> [WHAT YOU SHOULD DO]: Print out each entry below exactly, please.

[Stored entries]

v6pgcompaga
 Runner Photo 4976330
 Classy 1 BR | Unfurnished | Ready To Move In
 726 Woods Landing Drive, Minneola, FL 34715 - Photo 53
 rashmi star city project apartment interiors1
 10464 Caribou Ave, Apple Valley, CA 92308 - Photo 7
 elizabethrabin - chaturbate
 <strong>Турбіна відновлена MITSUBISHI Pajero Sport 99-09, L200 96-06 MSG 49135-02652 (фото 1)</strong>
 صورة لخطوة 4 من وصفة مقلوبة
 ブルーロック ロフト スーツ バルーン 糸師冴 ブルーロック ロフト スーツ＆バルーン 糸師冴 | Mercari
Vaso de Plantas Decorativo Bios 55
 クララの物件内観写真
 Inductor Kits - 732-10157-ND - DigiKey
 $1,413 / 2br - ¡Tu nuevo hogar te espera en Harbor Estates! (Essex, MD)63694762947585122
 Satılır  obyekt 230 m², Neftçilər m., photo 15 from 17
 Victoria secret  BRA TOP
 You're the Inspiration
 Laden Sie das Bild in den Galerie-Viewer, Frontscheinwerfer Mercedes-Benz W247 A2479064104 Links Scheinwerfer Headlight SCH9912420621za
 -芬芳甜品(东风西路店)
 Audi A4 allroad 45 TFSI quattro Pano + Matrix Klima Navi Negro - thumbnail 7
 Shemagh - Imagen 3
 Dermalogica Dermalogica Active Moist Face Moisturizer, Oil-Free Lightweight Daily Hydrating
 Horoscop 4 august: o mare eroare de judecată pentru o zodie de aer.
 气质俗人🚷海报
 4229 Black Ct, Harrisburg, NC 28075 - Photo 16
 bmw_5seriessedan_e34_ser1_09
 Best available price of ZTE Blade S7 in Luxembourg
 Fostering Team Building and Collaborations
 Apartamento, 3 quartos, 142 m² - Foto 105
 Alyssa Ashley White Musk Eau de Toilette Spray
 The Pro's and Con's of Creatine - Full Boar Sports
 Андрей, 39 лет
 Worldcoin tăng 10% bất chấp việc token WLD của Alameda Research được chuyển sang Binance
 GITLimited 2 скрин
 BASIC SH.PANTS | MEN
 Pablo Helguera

> [THE COMPLETED TASK]:
v6pgcompaga
 Runner Photo 4976330
 Classy 1 BR | Unfurnished | Ready To Move In
 726 Woods Landing Drive, Minneola, FL 34715 - Photo 53
 rashmi star city project apartment interiors1
 10464 Caribou Ave, Apple Valley, CA 92308 - Photo 7
 elizabethrabin - chaturbate
 <strong>Турбіна відновлена MITSUBISHI Pajero Sport 99-09, L200 96-06 MSG 49135-02652 (фото 1)</strong>
 صورة لخطوة 4 من وصفة مقلوبة
 ブルーロック ロフト スーツ バルーン 糸師冴 ブルーロック ロフト スーツ＆バルーン 糸師冴 | Mercari
Vaso de Plantas Decorativo Bios 55
 クララの物件内観写真
 Inductor Kits - 732-10157-ND - DigiKey
 $1,413 / 2br - ¡Tu nuevo hogar te espera en Harbor Estates! (Essex, MD)63694762947585122
 Satılır  obyekt 230 m², Neftçilər m., photo 15 from 17
 Victoria secret  BRA TOP
 You're the Inspiration
 Laden Sie das Bild in den Galerie-Viewer, Frontscheinwerfer Mercedes-Benz W247 A2479064104 Links Scheinwerfer Headlight SCH9912420621za
 -芬芳甜品(东风西路店)
 Audi A4 allroad 45 TFSI quattro Pano + Matrix Klima Navi Negro - thumbnail 7
 Shemagh - Imagen 3
 Dermalogica Dermalogica Active Moist Face Moisturizer, Oil-Free Lightweight Daily Hydrating
 Horoscop 4 august: o mare eroare de judecată pentru o zodie de aer.
 气质俗人🚷海报
 4229 Black Ct, Harrisburg, NC 28075 - Photo 16
 bmw_5seriessedan_e34_ser1_09
 Best available price of ZTE Blade S7 in Luxembourg
 Fostering Team Building and Collaborations
 Apartamento, 3 quartos, 142 m² - Foto 105
 Alyssa Ashley White Musk Eau de Toilette Spray
 The Pro's and Con's of Creatine - Full Boar Sports
 Андрей, 39 лет
 Worldcoin tăng 10% bất chấp việc token WLD của Alameda Research được chuyển sang Binance
 GITLimited 2 скрин
 BASIC SH.PANTS | MEN
 Pablo Helguera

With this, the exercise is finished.